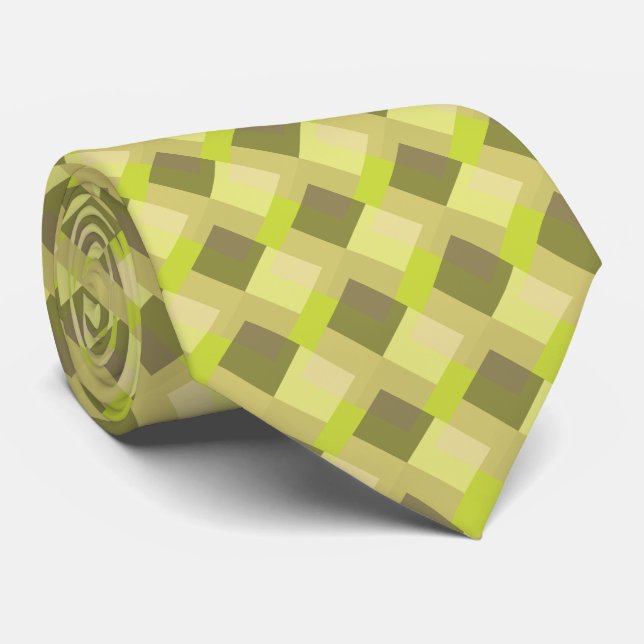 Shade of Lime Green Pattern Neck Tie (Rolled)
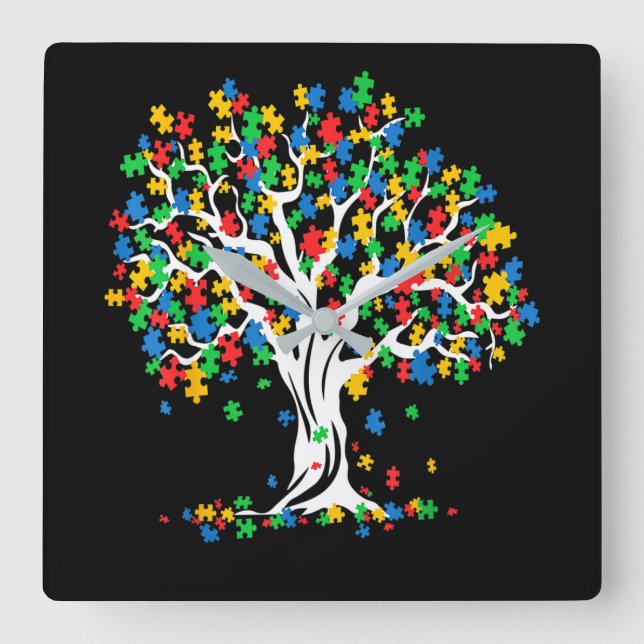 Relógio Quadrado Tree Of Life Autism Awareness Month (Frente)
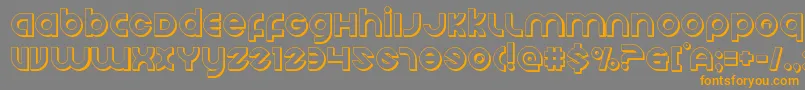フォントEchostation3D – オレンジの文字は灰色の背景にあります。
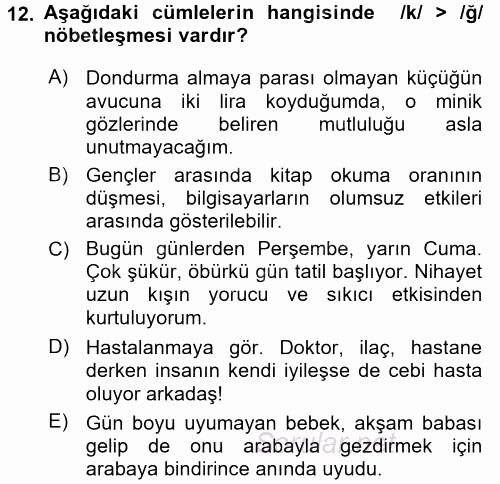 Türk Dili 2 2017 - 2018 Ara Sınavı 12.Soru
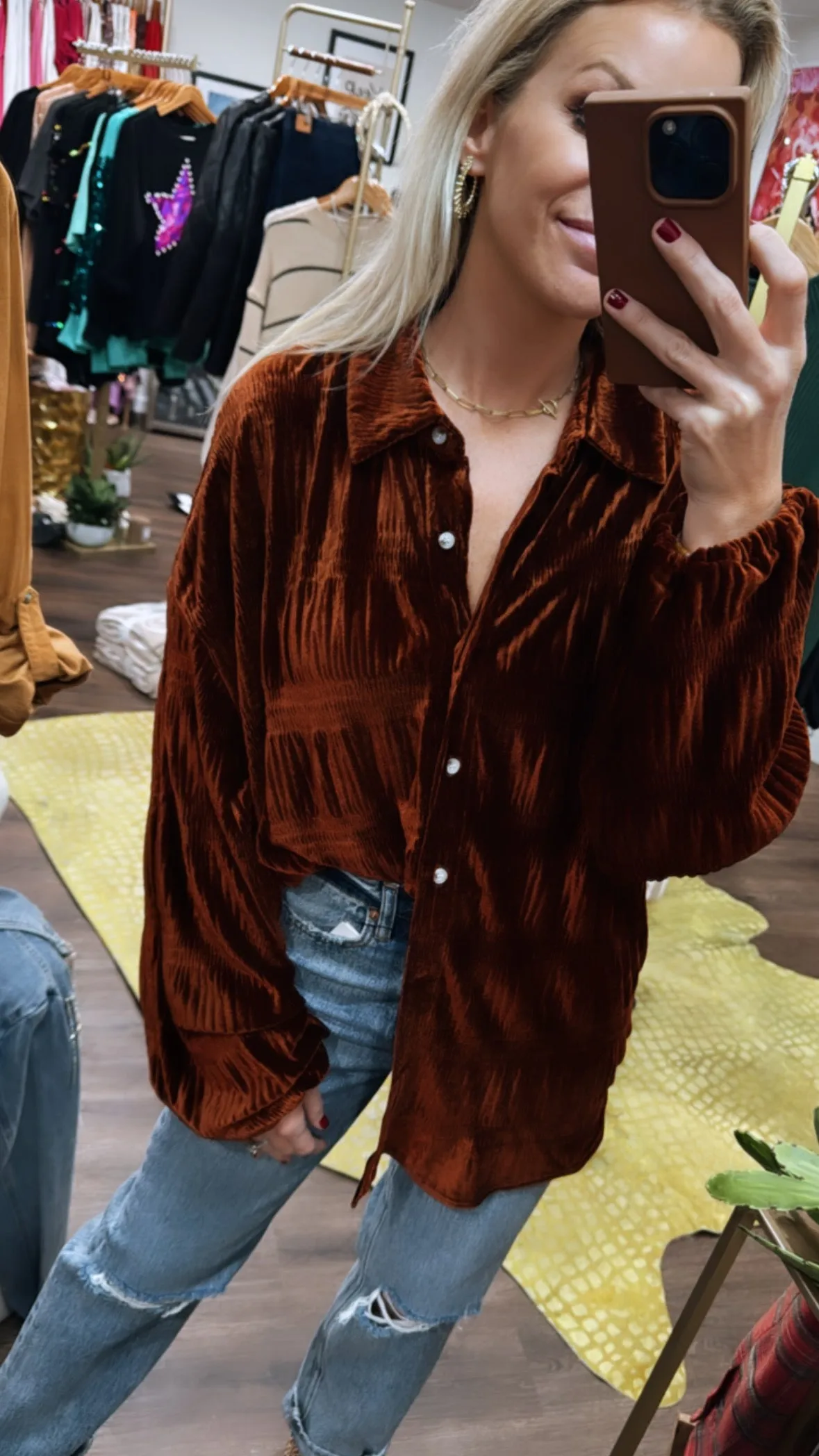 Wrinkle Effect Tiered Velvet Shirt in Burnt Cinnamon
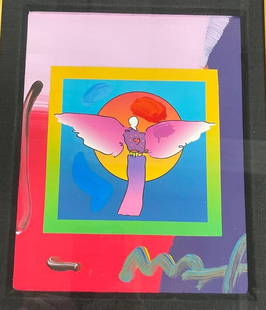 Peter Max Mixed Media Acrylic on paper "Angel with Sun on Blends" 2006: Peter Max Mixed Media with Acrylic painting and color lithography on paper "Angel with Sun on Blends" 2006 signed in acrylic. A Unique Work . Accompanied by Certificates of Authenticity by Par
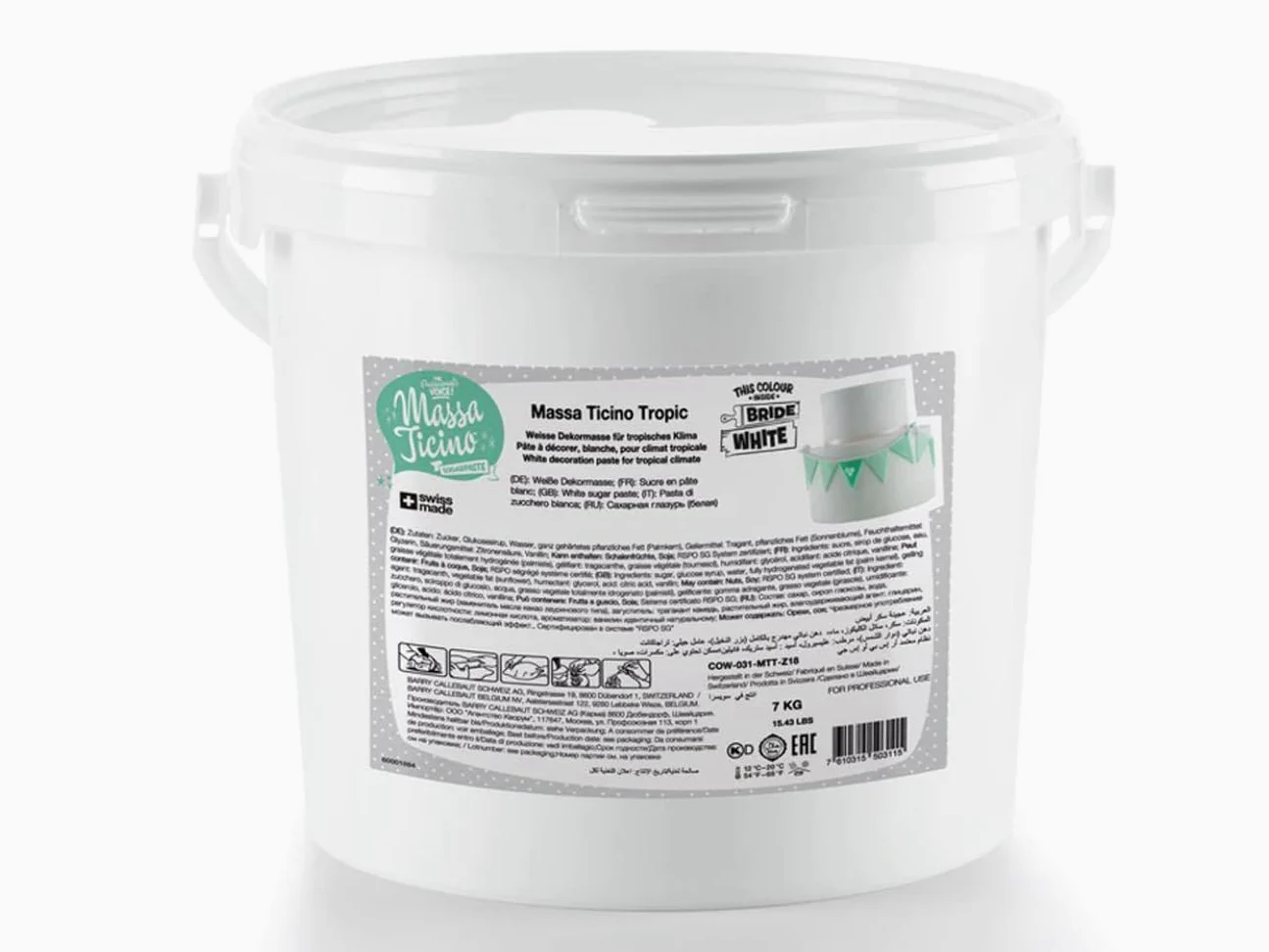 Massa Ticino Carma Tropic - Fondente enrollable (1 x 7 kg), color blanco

******

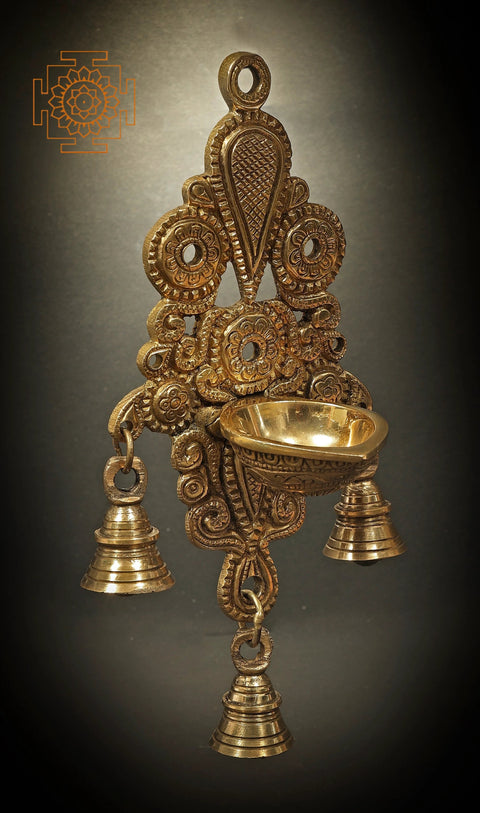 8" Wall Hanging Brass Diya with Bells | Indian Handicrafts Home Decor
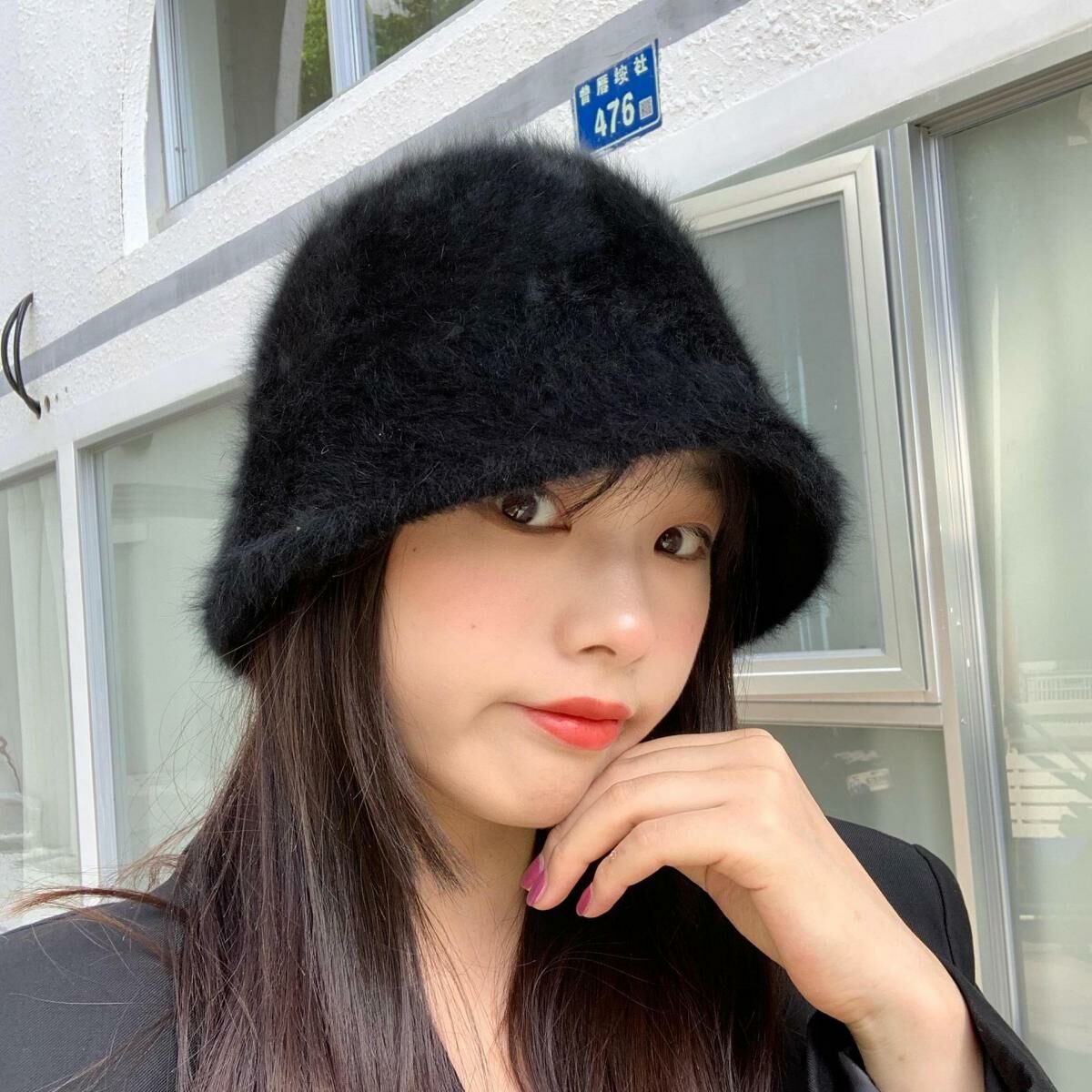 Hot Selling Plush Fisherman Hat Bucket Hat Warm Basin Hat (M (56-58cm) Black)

******

Look above for the line holding "Wrinkle Effect Tiered" and output everything from it down to the line holding "Massa Ticino Carma", both ends included, exactly and without images.

● **Task solution**
 Wrinkle Effect Tiered Velvet Shirt in Burnt Cinnamon
 Peter Max Mixed Media Acrylic on paper "Angel with Sun on Blends" 2006: Peter Max Mixed Media with Acrylic painting and color lithography on paper "Angel with Sun on Blends" 2006 signed in acrylic. A Unique Work . Accompanied by Certificates of Authenticity by Par
 Massa Ticino Carma Tropic - Fondente enrollable (1 x 7 kg), color blanco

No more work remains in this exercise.